## TO DO:
Your copy should start at the line with "To do this, open up" and end at the line with "So 4.65 liters" in the data below. Transcribe only those lines, exactly, pictures excluded.

## SOURCE INFORMATION:
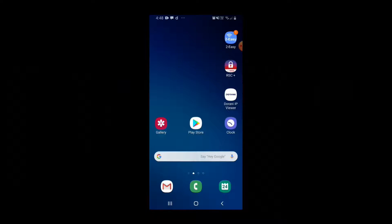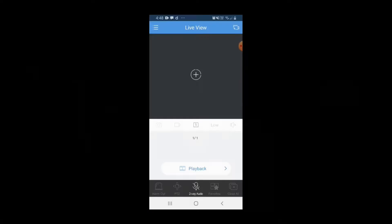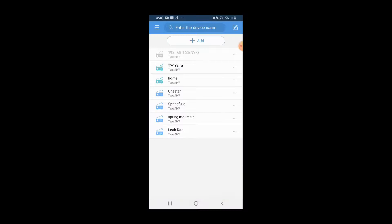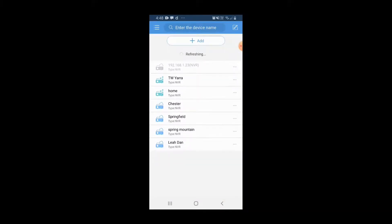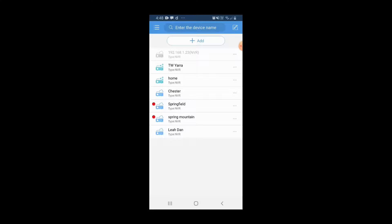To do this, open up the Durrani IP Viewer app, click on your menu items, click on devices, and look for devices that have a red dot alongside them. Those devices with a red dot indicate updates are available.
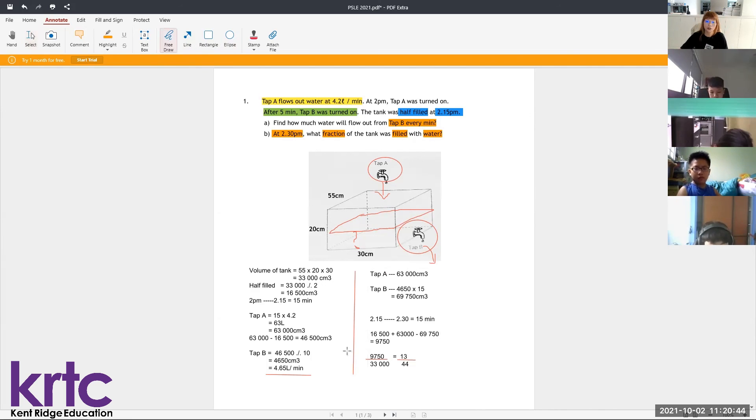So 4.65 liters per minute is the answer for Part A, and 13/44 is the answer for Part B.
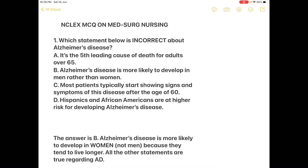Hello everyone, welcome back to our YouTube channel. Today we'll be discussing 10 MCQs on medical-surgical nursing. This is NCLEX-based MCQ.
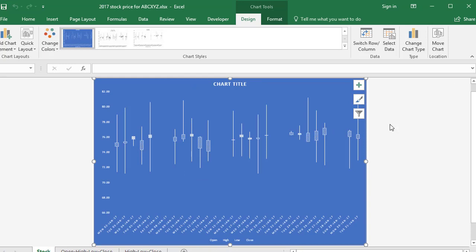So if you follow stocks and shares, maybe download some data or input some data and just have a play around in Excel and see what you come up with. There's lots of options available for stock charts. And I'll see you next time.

* * *

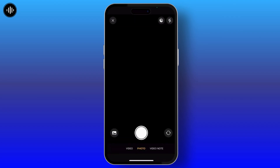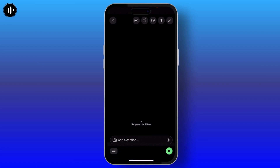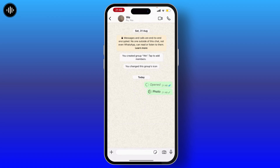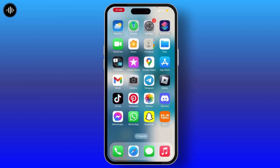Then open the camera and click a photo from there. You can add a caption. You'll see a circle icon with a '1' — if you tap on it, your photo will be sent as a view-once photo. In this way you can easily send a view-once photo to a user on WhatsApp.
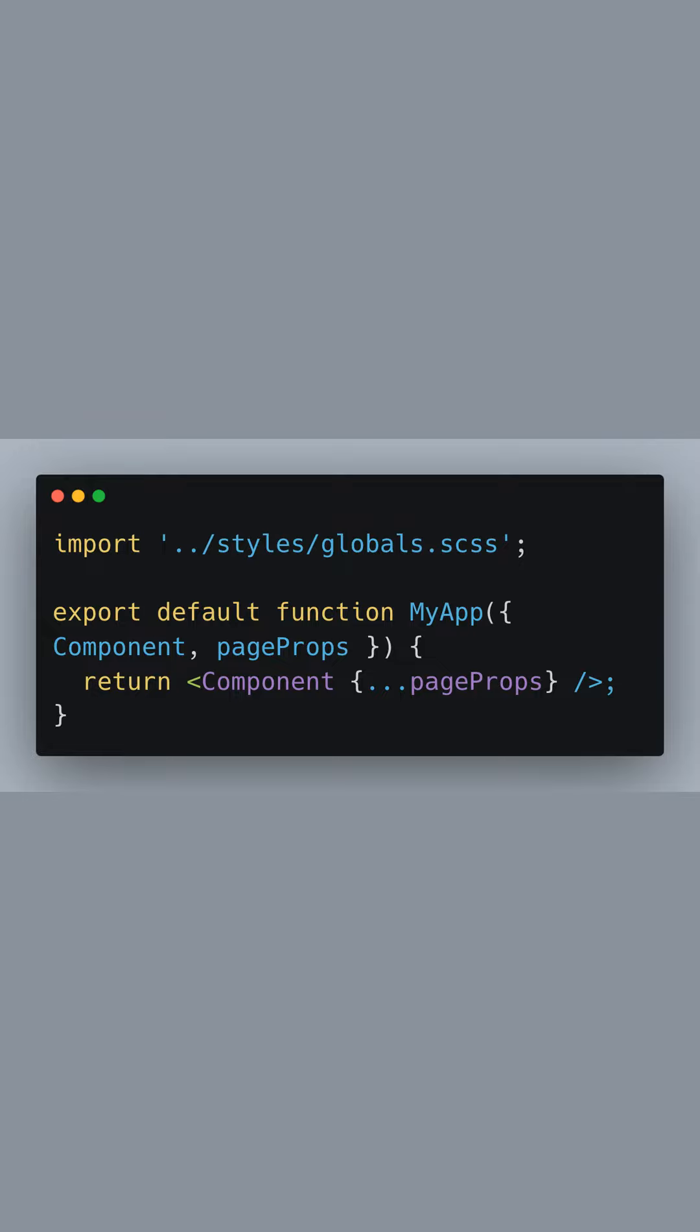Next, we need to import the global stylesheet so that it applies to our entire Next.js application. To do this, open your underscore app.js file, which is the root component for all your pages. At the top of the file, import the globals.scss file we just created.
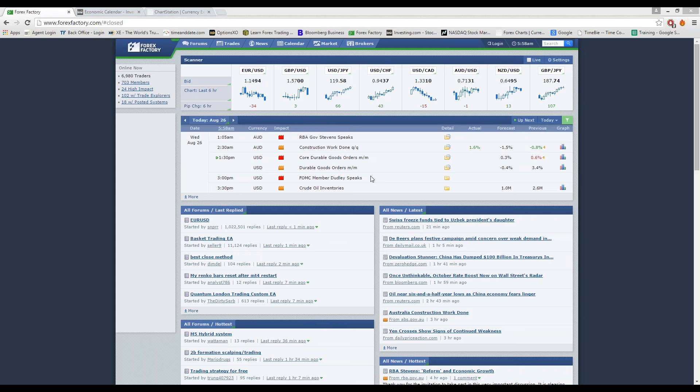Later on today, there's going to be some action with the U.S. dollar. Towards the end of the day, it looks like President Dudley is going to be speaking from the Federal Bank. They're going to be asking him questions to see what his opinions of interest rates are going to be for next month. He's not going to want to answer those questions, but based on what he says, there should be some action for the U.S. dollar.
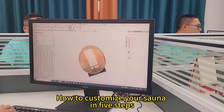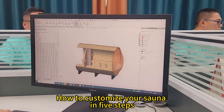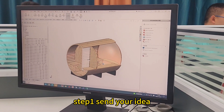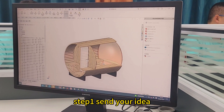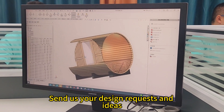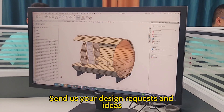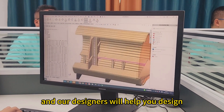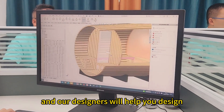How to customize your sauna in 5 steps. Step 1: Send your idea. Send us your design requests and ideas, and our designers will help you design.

## SOLUTION TO THE PROBLEM:
To do this, open up the Durrani IP Viewer app, click on your menu items, click on devices, and look for devices that have a red dot alongside them. Those devices with a red dot indicate updates are available.
So 4.65 liters per minute is the answer for Part A, and 13/44 is the answer for Part B.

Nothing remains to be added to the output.